OEMs have been installing renewable energy sources to reduce energy costs and comply with legislation but the focus is now moving to the manufacturing process itself

PSA Peugeot-Citroën has stated that by 2015 it wants to reduce energy consumption during manufacturing to 2MW per vehicle. GM has also set aggressive targets to reduce consumption in production by 20% over the ten-year period from 2010. Ford set a target to improve North America manufacturing energy efficiency by 3% from 2010 to 2011, falling just short at 2.6%. However, it has stepped up targets by pledging a 25% average reduction per vehicle globally by 2016.

Ford’s 2012 sustainability report revealed it had reduced the amount of energy required to produce each vehicle in its manufacturing facilities by 22% in the last six years. “Sustainability has moved from the periphery to the centre of our strategy for succeeding in the marketplace and is helping to address global challenges,” explains Robert Brown, Ford’s vice-president of sustainability, environment and safety engineering. “Our sustainability report is far from a bunch of tables and charts. Anyone who spends any amount of time with it will truly get a sense of just how committed Ford is to supporting positive change and reducing the environmental impact of its products and facilities.”

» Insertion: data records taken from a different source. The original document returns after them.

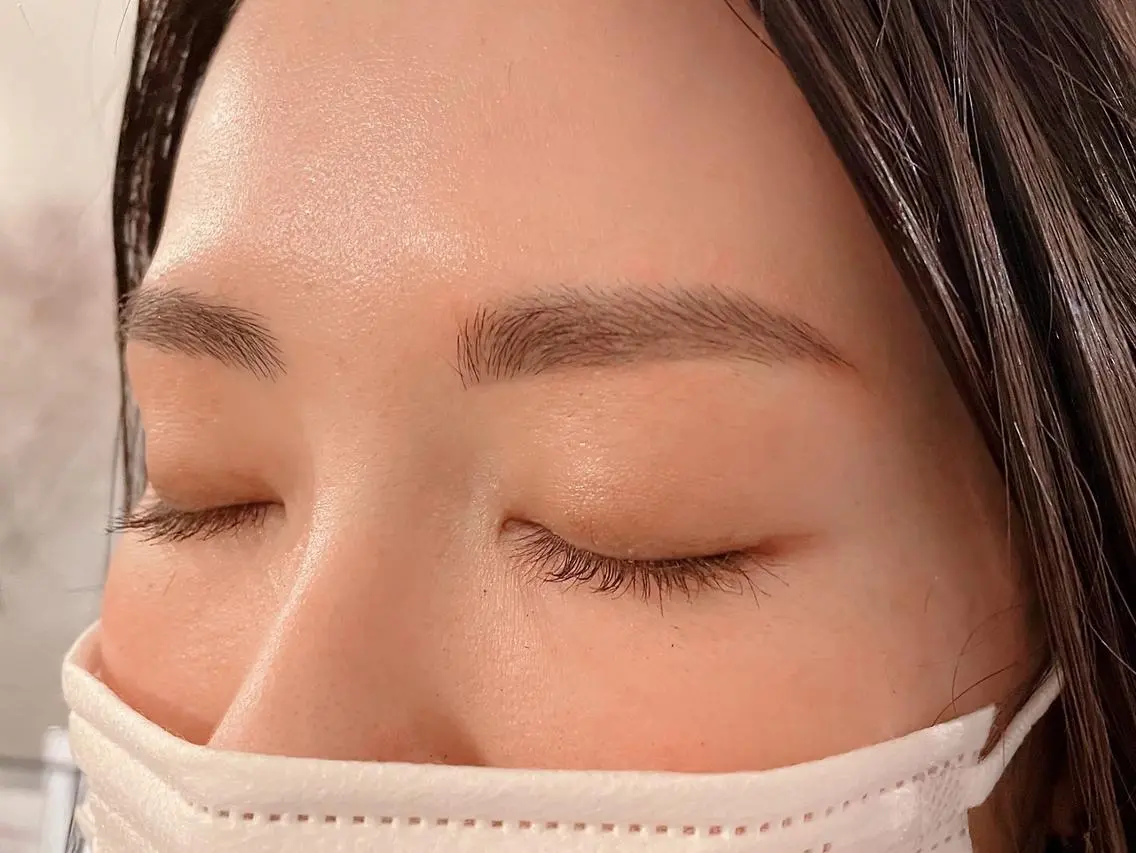 アイブロウ マツエク・マツパ まつげパーマ Biolus／天王寺 本店 🔸YUI🔸のマツエク・マツパデザイン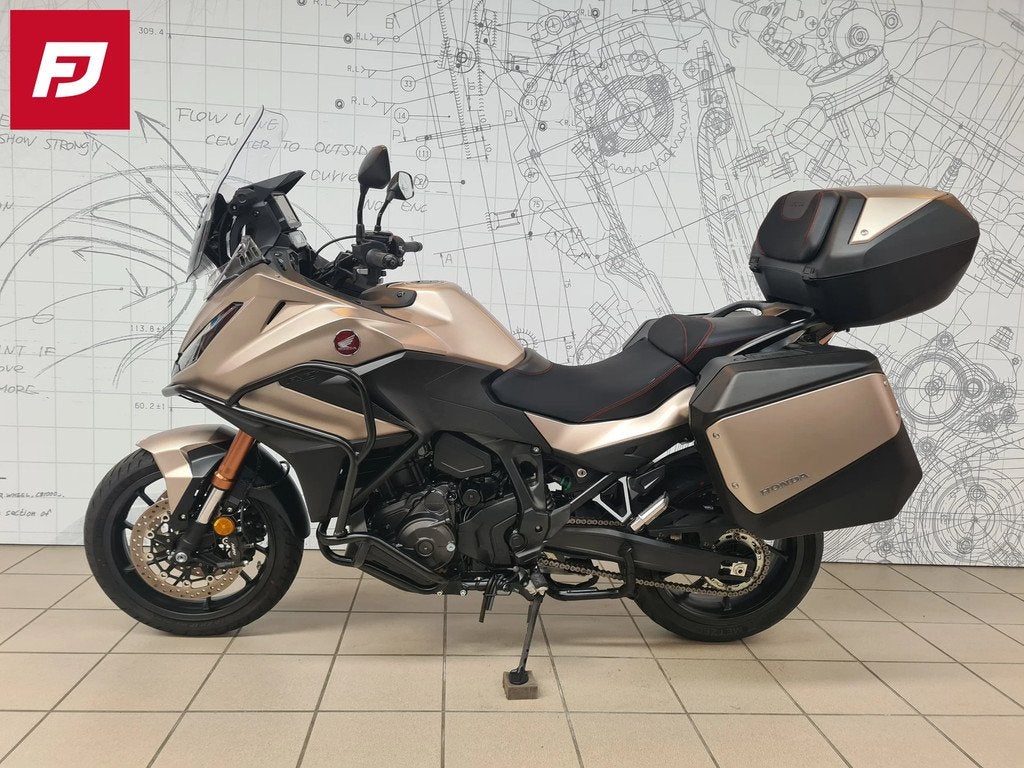 Honda NT 1100 DCT ES (bj 2025), Motoren, Motoren | Honda, Bedrijf, Meer dan 35 kW, Toermotor, 1100 cc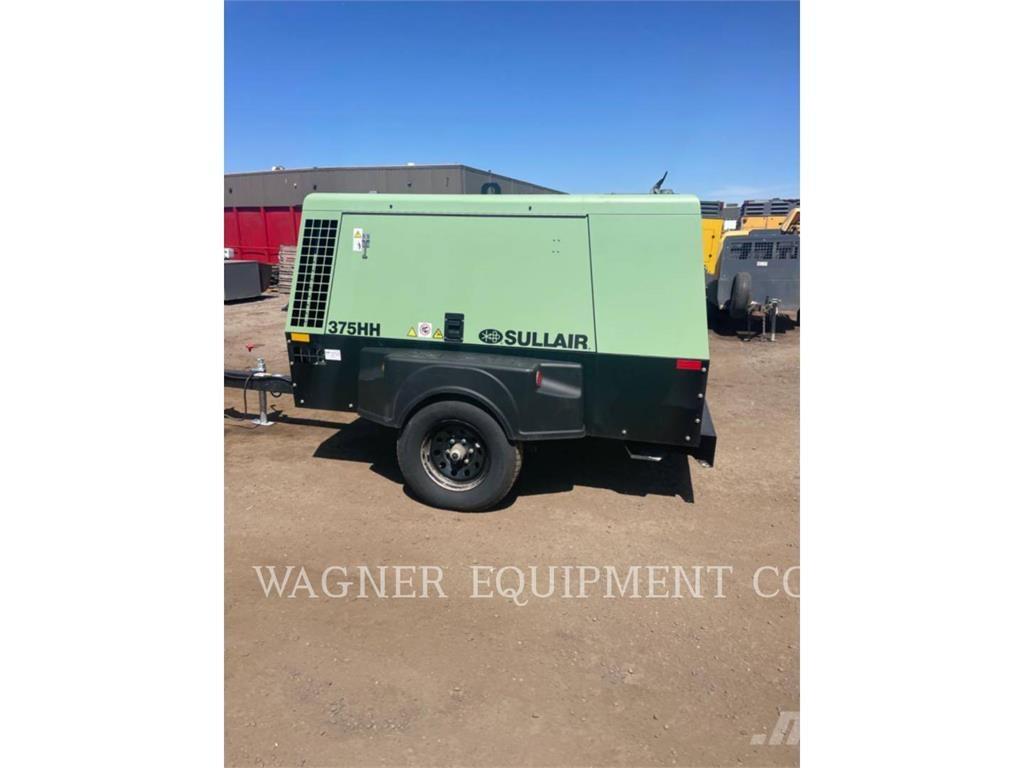 Sullair 375HAF Kompresuoto oro džiovintuvai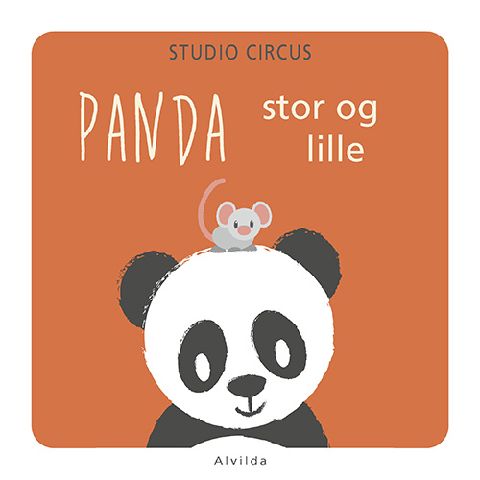 Panda : stor og lille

The amount of electricity used to produce each vehicle in Ford’s manufacturing facilities has been reduced by about 800 kilowatthours – from 3,576kwh in 2006 to 2,778kwh in 2011. By comparison, average households in California, New York and Michigan use from 562kwh to 799kwh monthly. Ford’s progress has been achieved by investing in energy-saving practices and equipment. At the Michigan Assembly Plant in Wayne, the company uses a new threewet paint application that reduces electricity use along with CO2 and Volatile Organic Compound (VOC) emissions.

Challenging targets

As Peugeot discovered, the energy cost per vehicle metric can at times be a challenging goal. The OEM appeared to be well on its way to achieving a reduction to 2MW per vehicle but slow production caused by lack of demand late in 2012 scuppered its plans. “We thought that we could reach our goals of 2MW this year but because of the slow production at the end of the year we know that we will not reach them,” admits François Desmonts, responsible for industrial environment at PSA. “I think we will reach 2.14MW this year but we hope that we can reach it by 2013.”

However, it is not just the OEMs that need to take care of the MWs. The results of an Energetics report prepared for the US Department of Energy confirmed that the majority of the energy required to manufacture and assemble an automobile transmission system is expended in the supply chain.

Approximately 88-92% of all energy is consumed prior to the arrival of parts at the OEM plant for final assembly. Furthermore, approximately 87% of the energy associated with the production of the transmission system was consumed during the production and processing of virgin steel and aluminium parts. The production and processing of these occurs in different manufacturing plants throughout the supply chain, under a variety of conditions, equipment, standards, and manufacturing protocols.